Saturday, April 19, 2008

The US Surge Revisited: What's the evidence for decreased casualties after one year of troop deployment?

In September last year we published a critique of the available data on the impact of the US 'surge' in Iraq. Comparing the figures for US coalition casualties with the data on attacks presented by General Petraeus to the US congress it was evident that things just did not add up. At that stage, in mid September 2007, US casualties had not declined and there was no evidence of a decrease in civilian casualties either. But now, after more than a full year of data has become available on the 'surge' (Feb 2007 - Mar 2008) what is the evidence for an improvement in the casualty burden?

Our updated graph of US Coalition fatalities (non-Iraqi troops only) shows that from mid September 2007 onwards daily fatalities have, in fact, markedly declined. In February 2008 an average of 1.03 deaths occurred per day compared to 3.04 per day in Feb 2007. For March, these figures were 1.26 and 2.65 respectively. This does suggest that conflict levels have fallen substantially. However, it should be noted that some of the decrease in foreign troop deaths may have been due to an increase in the number of active Iraqi units fighting within the US Coalition.
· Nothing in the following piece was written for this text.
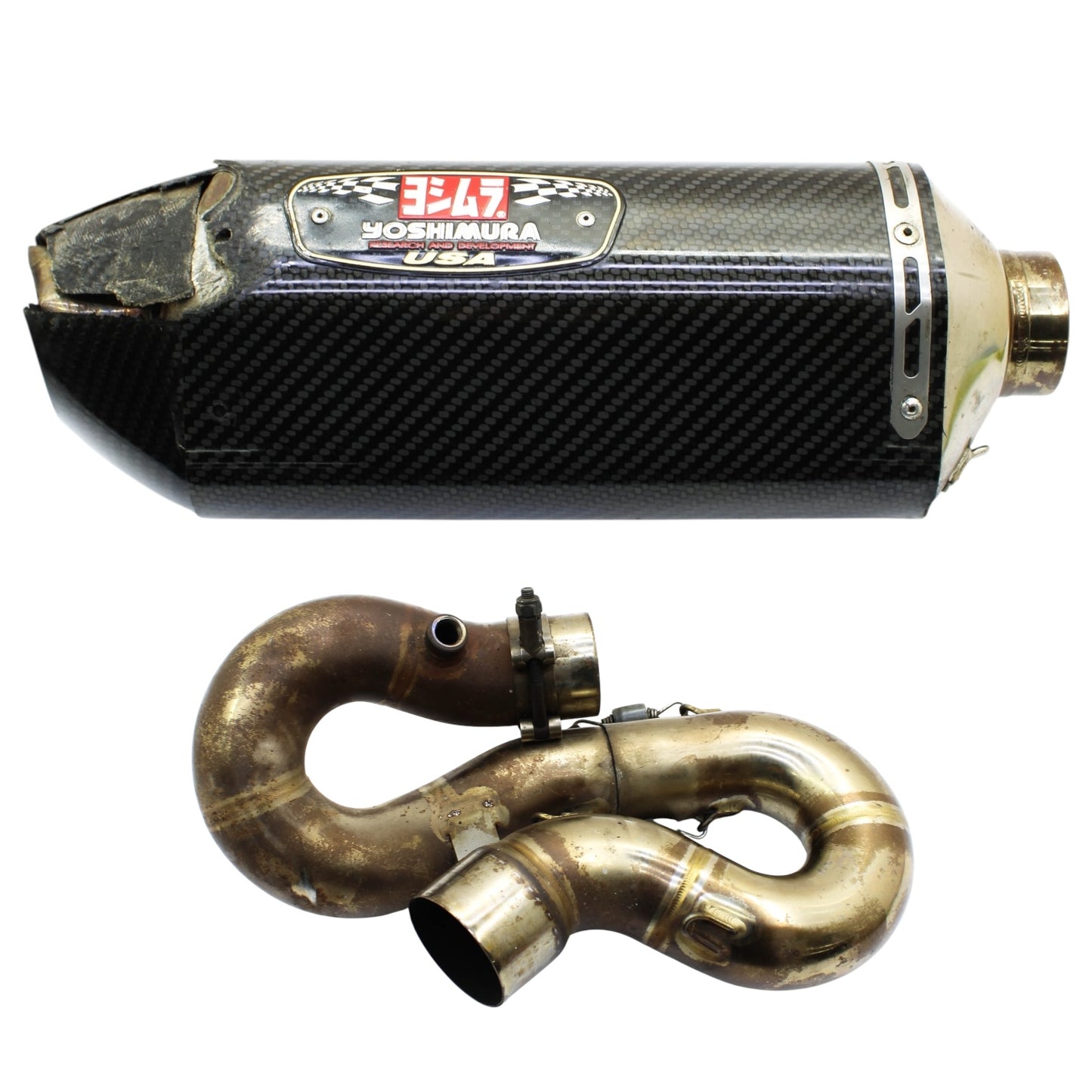 2008 - 2011 HONDA CBR1000RR YOSHIMURA EXHAUST SLIP ON CARBON FIBER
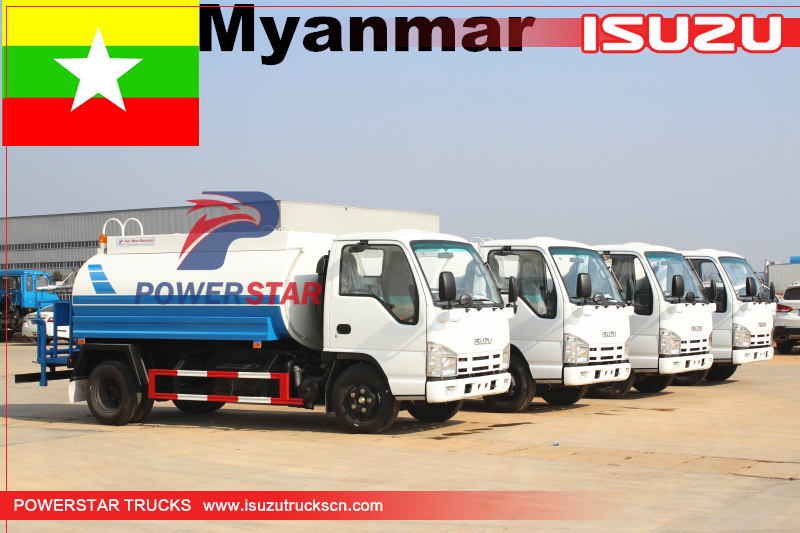 Water Trucks Isuzu 5,000L for Myanmar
Figures for civilian fatalities are much harder to assess due to the substantial challenges faced in collecting reliable data. We are planning to publish a detailed review of this soon. However, the available trend data does indicate a significant fall. Good news it appears. A major remaining policy issue of course is to what extent the 'US surge' can account for these apparent improvements. The role of the Mahdi Army cease fire and the 'Anbar Awakening' are widely acknowledged to have been critical factors. Future political developments may reveal to what extent these have been responsible.